Llama-2, Mo’ Lora

maxine
4 min readJul 20, 2023

Meta just released LLaMA-2, a transformer trained on 2 TRILLION tokens of natural language data! And many are itching to be some of the first to finetune it, including me. So I did! But in a bit of a non-conventional manner, let me, or GPT-4 first, explain.

GPT-4 Written Introduction:

Deep learning models have increasingly relied on fine-tuning to achieve stellar performance in many tasks. The recently introduced LoRA (Low Ranked Adapters) is a fine example of the efficiency and utility of this fine-tuning trend. LoRA, by using two matrices A and B, offers a memory and speed friendly fine-tuning approach that also fares well with low-example count. However, our newly proposed method — MoLora (Mixture of Loras) — takes this a step further by employing multiple LoRA adapters, offering further surprising insights into the power and potential of fine-tuning.

In essence, MoLora applies the principles of LoRA but leverages multiple adapters, each trained on different ‘clusters’ within a data set. These clusters are computed using KMeans, a popular unsupervised learning algorithm. This lays the groundwork for a new adaptability to each prompt.

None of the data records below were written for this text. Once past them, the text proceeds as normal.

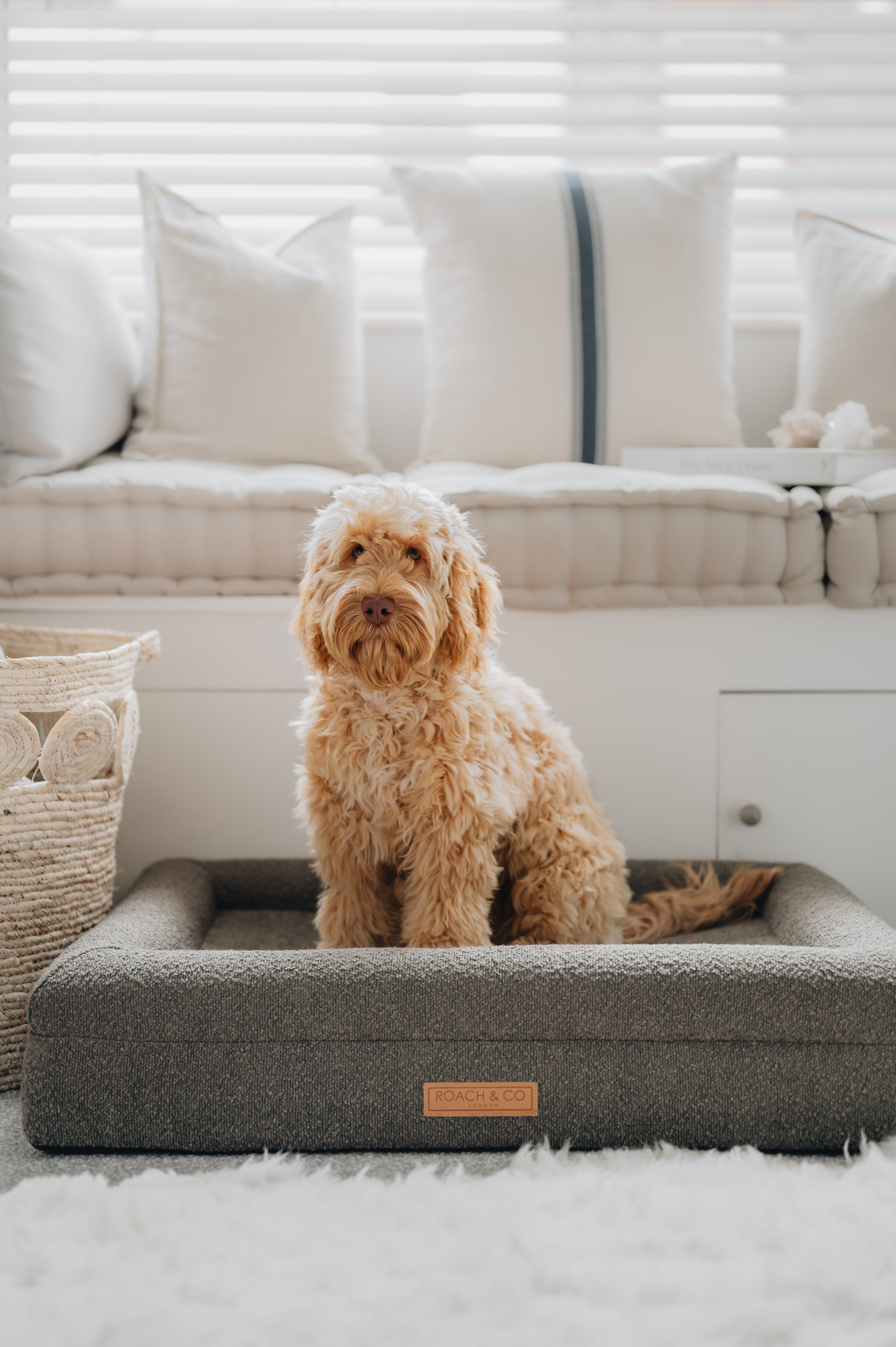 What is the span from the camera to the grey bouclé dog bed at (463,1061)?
954 millimetres

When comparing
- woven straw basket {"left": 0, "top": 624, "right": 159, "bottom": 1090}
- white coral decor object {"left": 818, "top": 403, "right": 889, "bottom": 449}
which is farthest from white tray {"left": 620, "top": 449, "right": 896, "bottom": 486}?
woven straw basket {"left": 0, "top": 624, "right": 159, "bottom": 1090}

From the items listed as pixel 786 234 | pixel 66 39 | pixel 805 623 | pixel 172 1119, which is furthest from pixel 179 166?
pixel 172 1119

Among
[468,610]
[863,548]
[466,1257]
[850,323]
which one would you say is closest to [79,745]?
[468,610]

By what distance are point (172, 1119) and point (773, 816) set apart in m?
0.98

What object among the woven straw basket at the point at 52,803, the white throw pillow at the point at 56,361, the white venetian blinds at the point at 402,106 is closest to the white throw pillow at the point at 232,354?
the white throw pillow at the point at 56,361

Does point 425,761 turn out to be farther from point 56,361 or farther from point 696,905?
point 56,361

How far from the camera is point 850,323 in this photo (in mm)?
2027

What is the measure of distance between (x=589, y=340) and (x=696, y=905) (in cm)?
117

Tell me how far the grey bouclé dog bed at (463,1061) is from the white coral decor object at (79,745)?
28cm

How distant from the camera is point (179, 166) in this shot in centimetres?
230

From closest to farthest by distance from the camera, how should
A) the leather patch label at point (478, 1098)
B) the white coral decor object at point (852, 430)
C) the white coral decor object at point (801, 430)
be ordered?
the leather patch label at point (478, 1098) < the white coral decor object at point (852, 430) < the white coral decor object at point (801, 430)

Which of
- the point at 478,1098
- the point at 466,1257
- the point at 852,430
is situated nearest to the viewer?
the point at 466,1257

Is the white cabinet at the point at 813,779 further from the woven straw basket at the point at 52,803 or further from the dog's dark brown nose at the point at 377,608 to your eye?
the woven straw basket at the point at 52,803

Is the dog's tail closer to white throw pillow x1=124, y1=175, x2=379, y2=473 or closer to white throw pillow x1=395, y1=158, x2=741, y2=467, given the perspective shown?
white throw pillow x1=395, y1=158, x2=741, y2=467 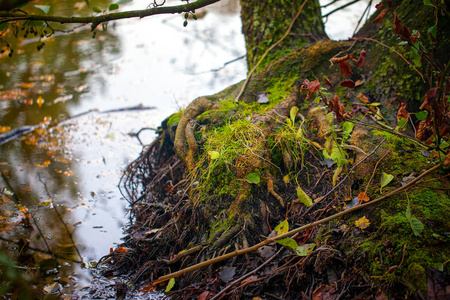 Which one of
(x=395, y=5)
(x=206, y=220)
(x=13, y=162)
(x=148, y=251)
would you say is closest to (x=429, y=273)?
(x=206, y=220)

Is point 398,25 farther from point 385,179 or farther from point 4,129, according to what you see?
point 4,129

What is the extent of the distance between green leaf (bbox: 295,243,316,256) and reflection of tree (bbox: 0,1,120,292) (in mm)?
1817

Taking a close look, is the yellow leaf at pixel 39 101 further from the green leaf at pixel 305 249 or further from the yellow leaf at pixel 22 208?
the green leaf at pixel 305 249

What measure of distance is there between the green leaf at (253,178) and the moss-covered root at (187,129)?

The innovative element in MoLora lies in its method to determine the weights of the LoRA adapters. Instead of having static weights, MoLora measures the similarity between a given model prompt and each of the data clusters. This similarity then becomes the basis for each LoRA adapter’s weights.

back to crumb

TLDR; we cluster the dataset with KMeans, train a LoRA adapted model on each cluster, then combine them based on the cosine similarity from your new prompt to each cluster.

I only trained, for this test run, on 2048 examples from each cluster for each LoRA. Each of them took 40 minutes to train on the free version of Google Colab, and I trained on a version of WizardLM’s EvolInstruct, which I clustered and made public here: crumb/Wizard-EvolInstruct70k-k4 · Datasets at Hugging Face They used rank=2 adapters and a learning rate of 1e-4, with a warmup of 1/10th the steps.

Here’s a comparison between normal Lora and MoLora for this first proof of concept:

Lora-Llama2–7b

Describe how Transformers (Vaswani et. al.) work.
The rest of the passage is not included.